The meal came.  Cassy ate demurely.  Then she wiped her lips with her napkin.  “What did you like most about you childhood, Rodger?”



“Well, don’t laugh, but I always liked being part of a family.  I loved my mom and dad and even my brothers and sisters, though we had trouble showing it at times.  My mom and dad were usually quite fair, and I liked the home that all of us built together.  I remember those times fondly.” He stared wistfully into the distance.


  
“Promising.”



"Pass the salt, please," she broke up his reminiscing.  "Allison and I only had each other.  We did everything together.  Yes, family is a blessing.”  

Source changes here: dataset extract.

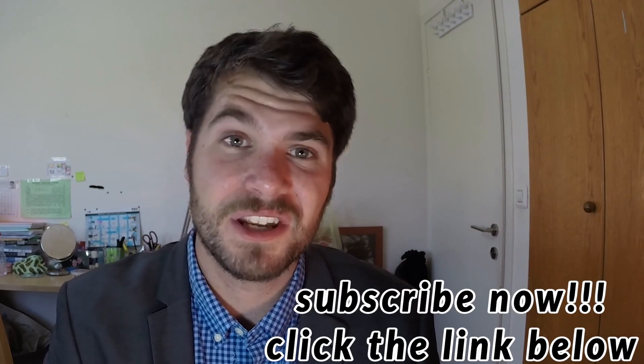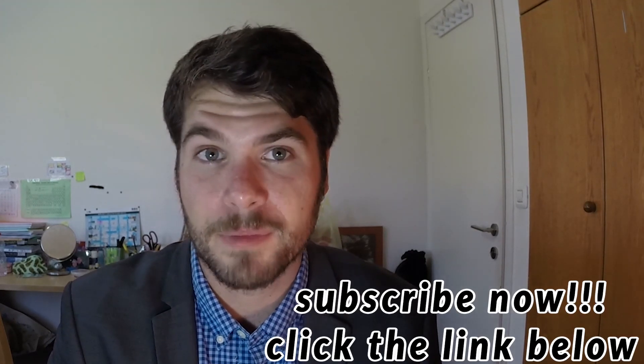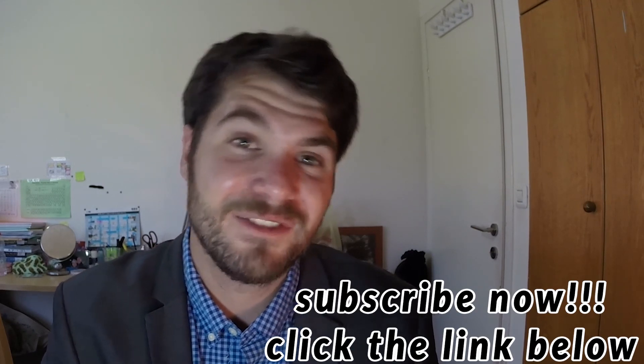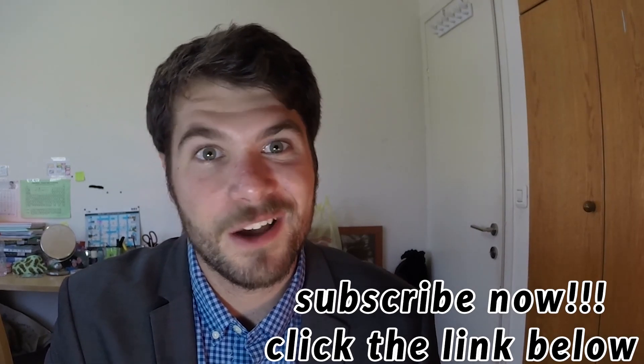Thanks for watching. If you liked this video please go ahead and subscribe to my channel and leave me some feedback down below. If you think it will help anyone else go ahead and share it — thanks for watching and I'll see you hopefully next time.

“Well he’s definitely a much better finisher than a starter.”
She mused.  “Maybe he’ll be the one to support us.  I’ll have to watch him closely.  I’ll have to see how the rest of the night goes.”



“Is it good?” he asked.



“What do you mean?”



“Your food,” he vaguely waved his fork in the direction of her plate.



“Why, yes . Very good. Very good,” she smiled.  The evening looked promising.  But would he want to commit to being husband and daddy to a whole new family?  "Patience," she coached herself.  "Waiting is the hardest part."